Watch: Human-Like Robot Sweats, Exercises, and Plays Badminton

The SAR-401 advanced anthropomorphic robot operates at the Gagarin Research & Test Cosmonaut Training Center in Star City, outside Moscow, on November 27, 2013. Robots are become increasingly more human-like as innovations have allowed them to engage in a number of impressive actions, like walking, talking, dancing—and now, even breaking a sweat. Kirill Kudryavtsev/AFP/Getty Images

Robots are become increasingly more human-like, as innovations have allowed them to engage in a number of impressive actions, like walking, talking and dancing. But perhaps the most eye-catching is a robot that can exercise and even break a sweat.

Meet Kengoro—the 5-foot-5-inch tall, 125-pound robot created by Japanese researchers.
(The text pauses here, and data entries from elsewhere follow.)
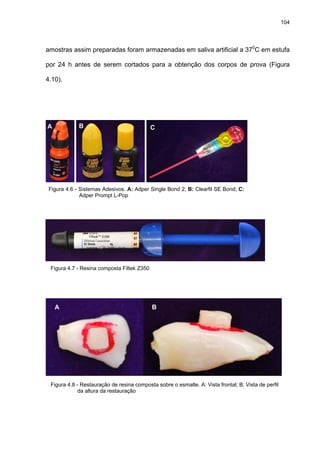 104




amostras assim preparadas foram armazenadas em saliva artificial a 370C em estufa

por 24 h antes de serem cortados para a obtenção dos corpos de prova (Figura

4.10).




A            B                              C




 Figura 4.6 - Sistemas Adesivos. A: Adper Single Bond 2; B: Clearfil SE Bond; C:
              Adper Prompt L-Pop




 Figura 4.7 - Resina composta Filtek Z350




    A                                       B




 Figura 4.8 - Restauração de resina composta sobre o esmalte. A: Vista frontal; B: Vista de perfil
             da altura da restauração
 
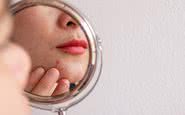 Em geral, a acne da idade adulta surge por desequilíbrios hormonais, estresse e alimentação - iStock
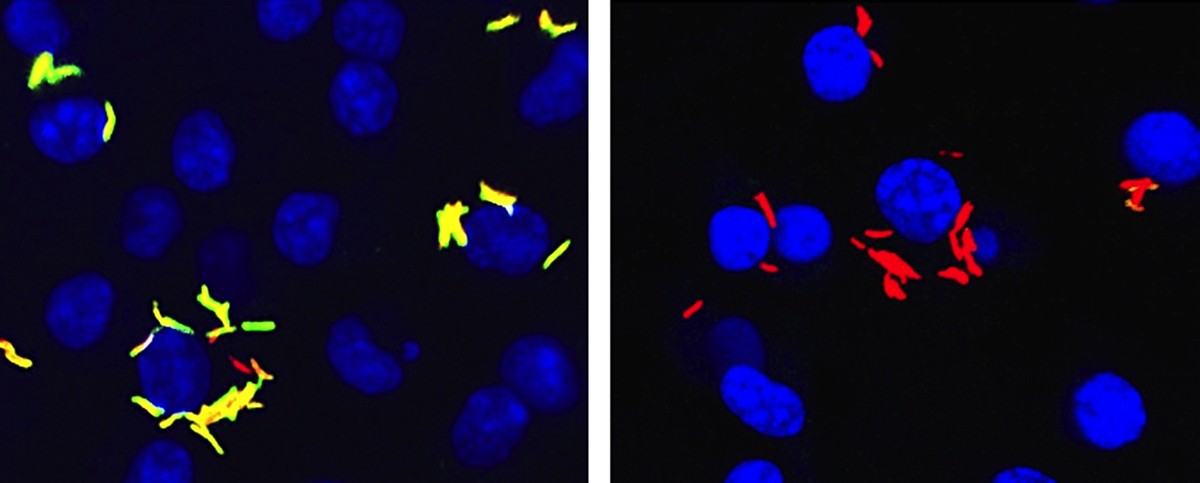 M. tuberculosis within macrophages were engineered to turn yellow-green when they eat cholesterol, left, and remain red when infected cells are treated with a compound that blocks bacterial cholesterol metabolism, thereby starving the pathogen, right.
Most robots are designed to be task-oriented. But Kengoro, and its predecessor Kenshiro, which broke ground with its 160 muscles, were created with the hope of better understanding how human functions, such as muscle control, operate.

"Our intent is to design a humanoid based on human systems—including the musculoskeletal structure, sensory nervous system, and methods of information processing in the brain—to support science-oriented goals, such as gaining a deeper understanding of the internal mechanisms of humans," the research team who created the two robots, wrote in their paper, published Wednesday in the journal Science Robotics.

A video shows that Kengoro, the newer of the two bots, can do sit-ups, chin-ups, back extensions, calf raises and hit a badminton birdie, among other actions. Like humans, the bot can get tired, causing its motors to overheat. Typically, researchers will use fans and other mechanisms to cool off robots. But not Kengoro, which is made of a special material that allows it to perspire artificially to cool down.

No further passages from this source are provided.